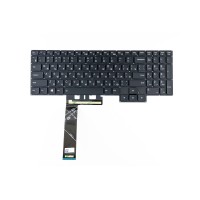 Клавиатура для ноутбука Lenovo Legion 5-17ARH05 p/n: P05CYXBG-RU SN21B43720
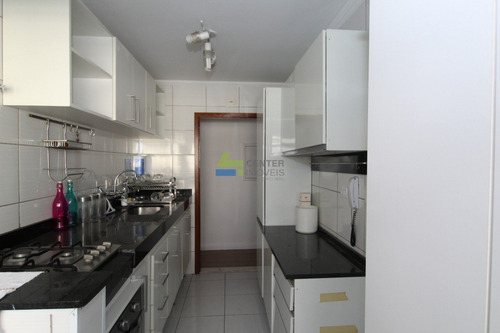 Imagem 10 de 15 de Apartamento - Saude - Ref: 14687 - V-872684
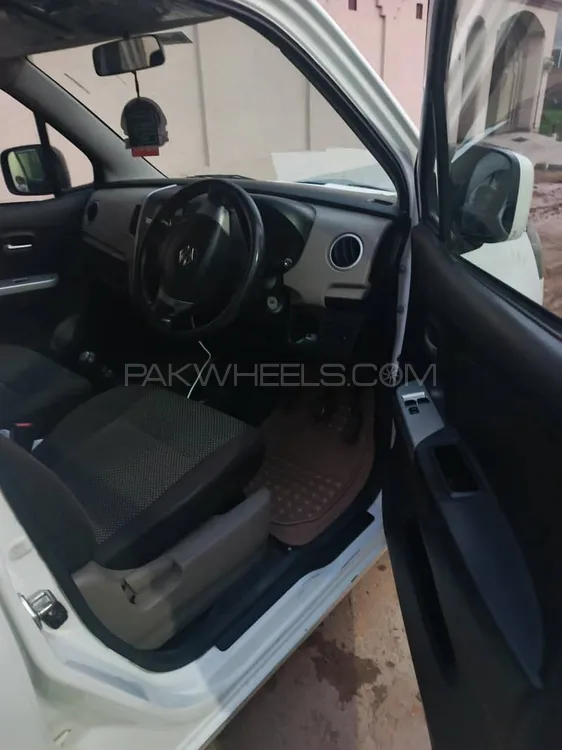 Suzuki Wagon R 2020 for Sale in Kharian Image-1
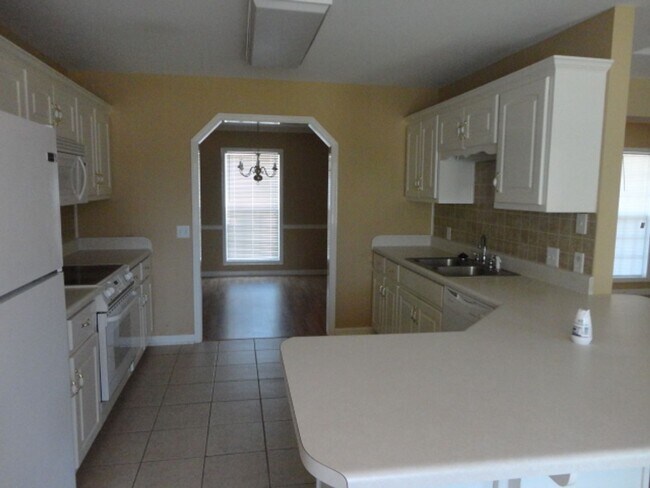 Foto del edificio - Wood Creek Subdivision!
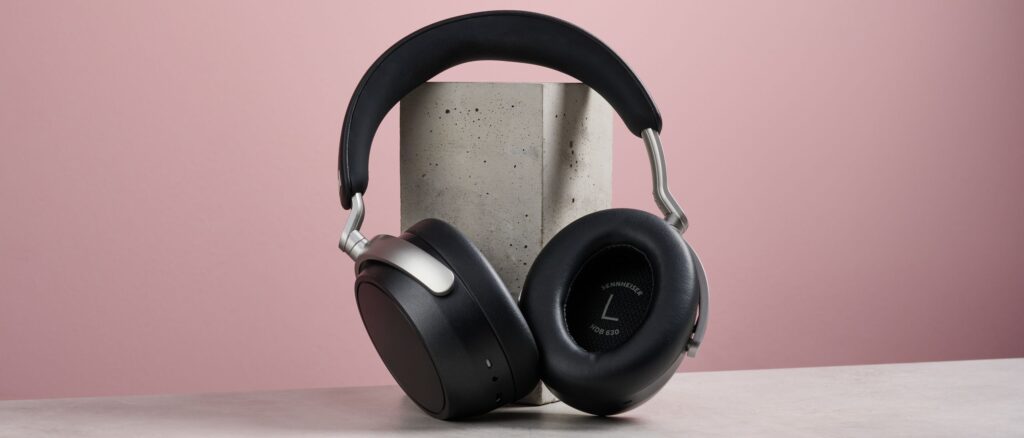 Sennheiser HDB 630 review: some of the most detail-oriented headphones on the market Sennheiser HDB 630 review: some of the most detail-oriented headphones on the market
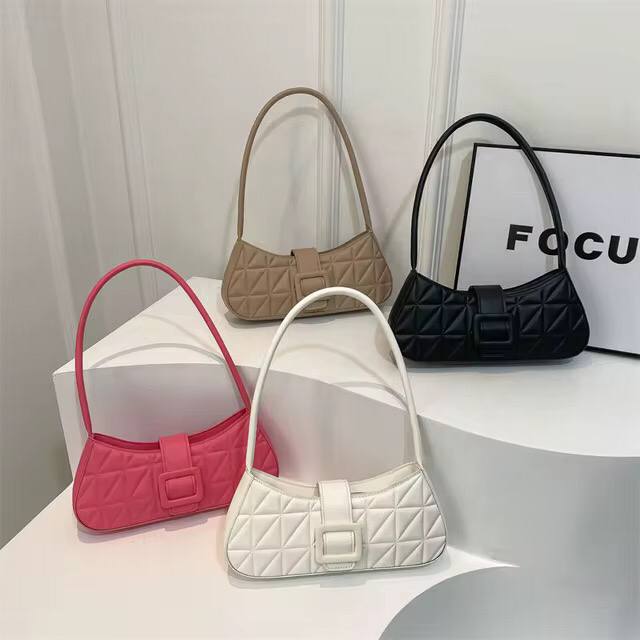 FASHION TRENDY LADIES HANDBAG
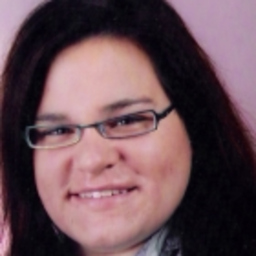 Anita Maywald
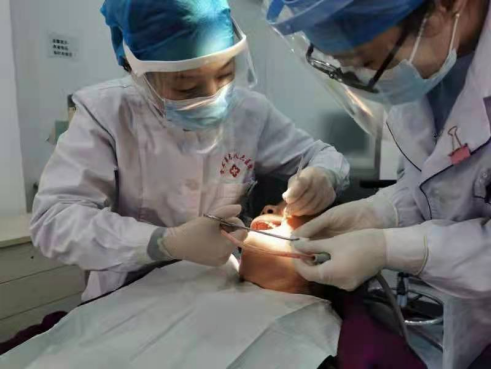 長期服用抗凝藥，還能拔牙嗎？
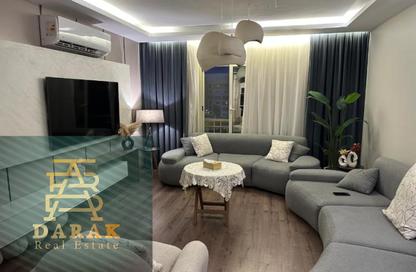 Apartment - 3 Bedrooms - 2 Bathrooms for sale in Madinaty - Cairo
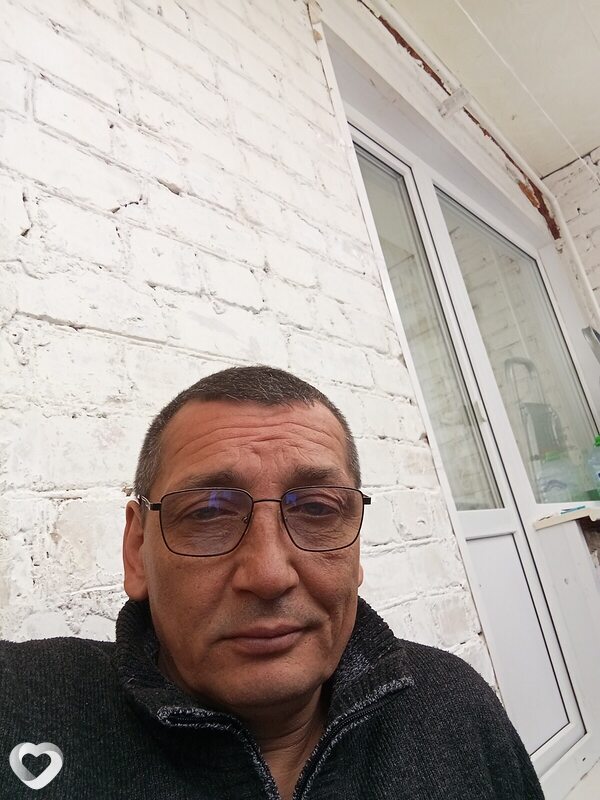 Рустик, 50, Можайске — анкета №2812533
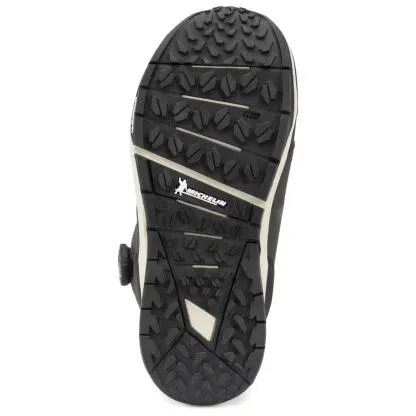 RIDE Deadbolt Zonal Mens Snowboard Boots 7 RIDE Deadbolt Zonal Mens Snowboard Boots - Image 5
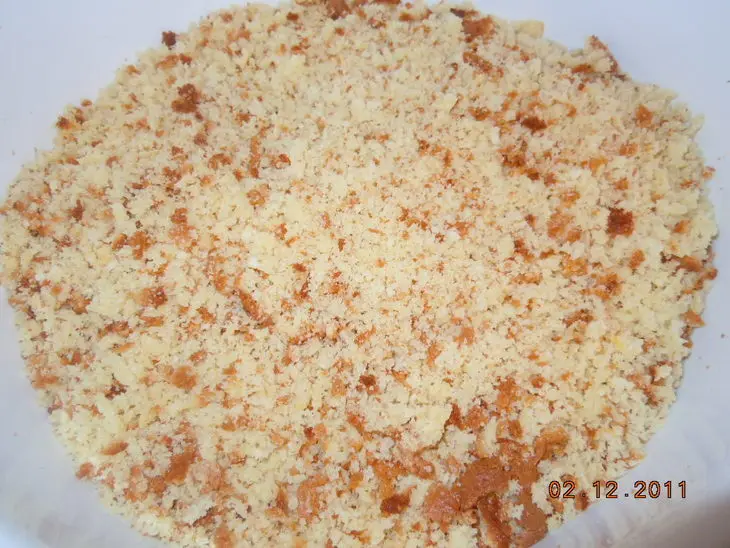 Мини пироженки шоколандия ням-ням со вкусом детства.: шаг 2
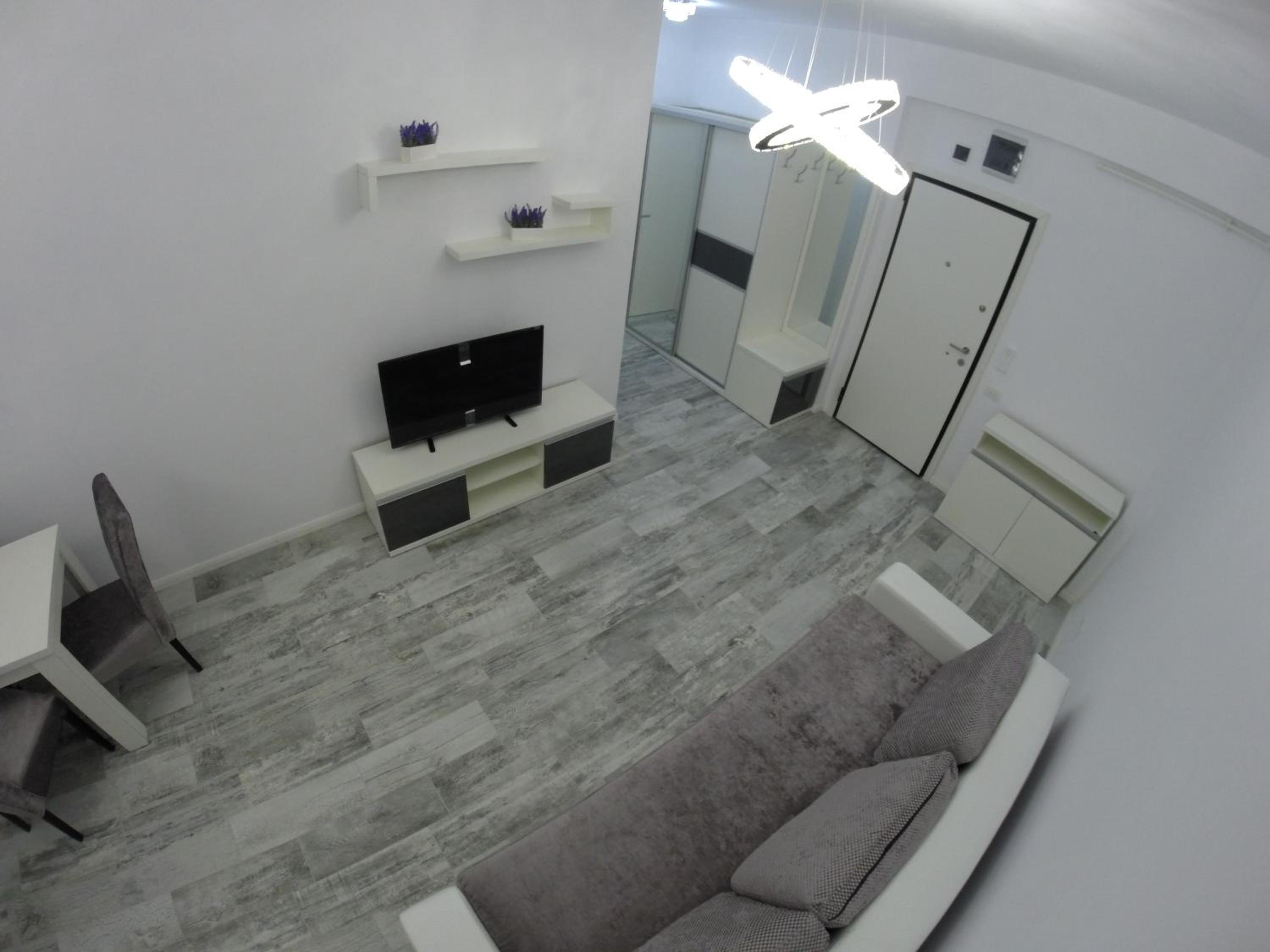 Apartment with Sea View photo 1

» Task description
The response must restate exactly the lines from the one containing "Рустик, 50, Можайске — анкета №2812533" through the end of the records above and must leave out all pictures.

» Your solution
 Рустик, 50, Можайске — анкета №2812533
 RIDE Deadbolt Zonal Mens Snowboard Boots 7 RIDE Deadbolt Zonal Mens Snowboard Boots - Image 5
 Мини пироженки шоколандия ням-ням со вкусом детства.: шаг 2
 Apartment with Sea View photo 1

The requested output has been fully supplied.